What is needed:
No picture belongs in the copy. Repeat each line below exactly.

[[ Record excerpts open ]]

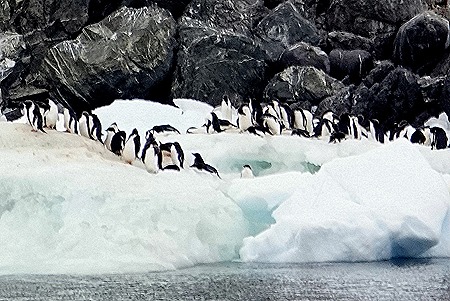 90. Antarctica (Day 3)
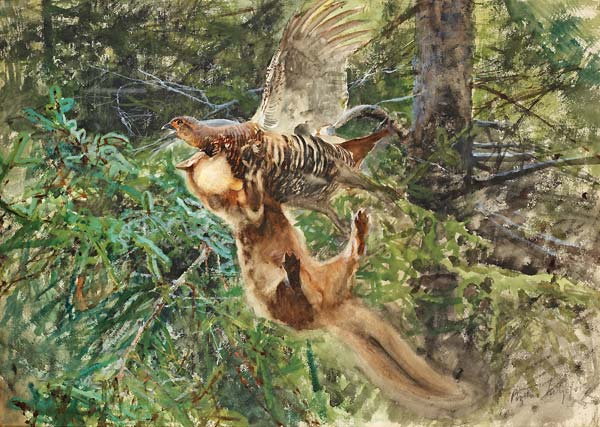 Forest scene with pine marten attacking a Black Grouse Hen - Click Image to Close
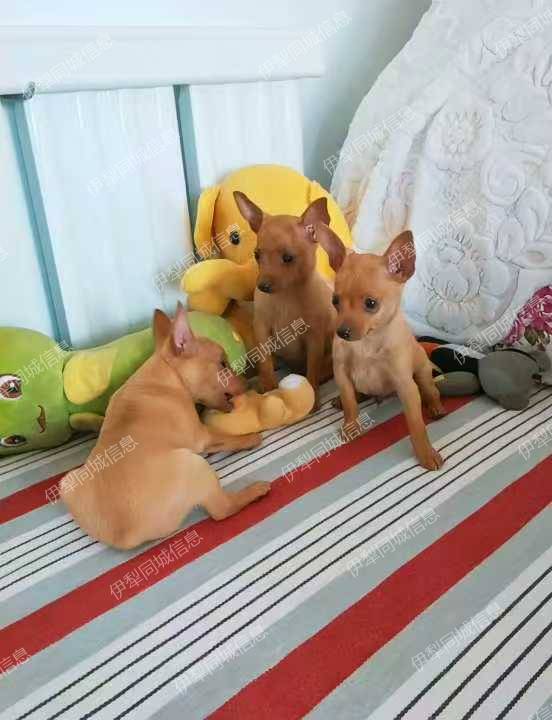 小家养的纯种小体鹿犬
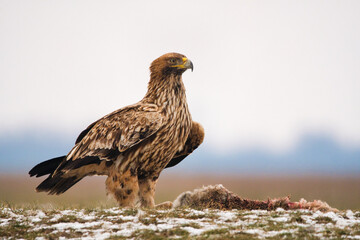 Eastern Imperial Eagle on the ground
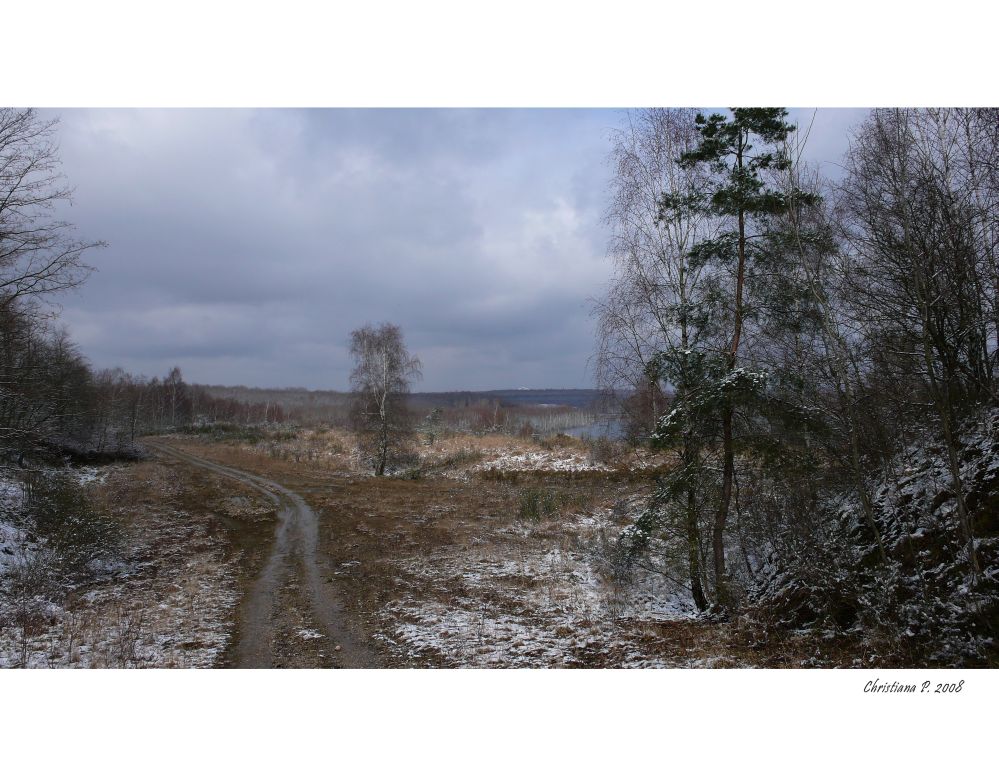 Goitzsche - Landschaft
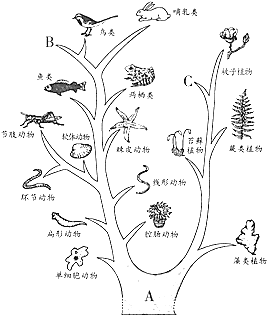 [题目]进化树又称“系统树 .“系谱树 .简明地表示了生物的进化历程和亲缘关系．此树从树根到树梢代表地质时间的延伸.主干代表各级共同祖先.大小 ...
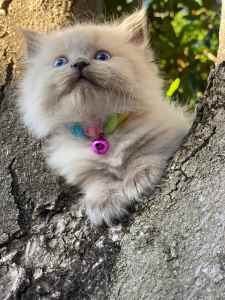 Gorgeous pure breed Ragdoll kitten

[[ Record excerpts closed ]]

Answer to the exercise:
 90. Antarctica (Day 3)
 Forest scene with pine marten attacking a Black Grouse Hen - Click Image to Close
 小家养的纯种小体鹿犬
 Eastern Imperial Eagle on the ground
 Goitzsche - Landschaft
 [题目]进化树又称“系统树 .“系谱树 .简明地表示了生物的进化历程和亲缘关系．此树从树根到树梢代表地质时间的延伸.主干代表各级共同祖先.大小 ...
 Gorgeous pure breed Ragdoll kitten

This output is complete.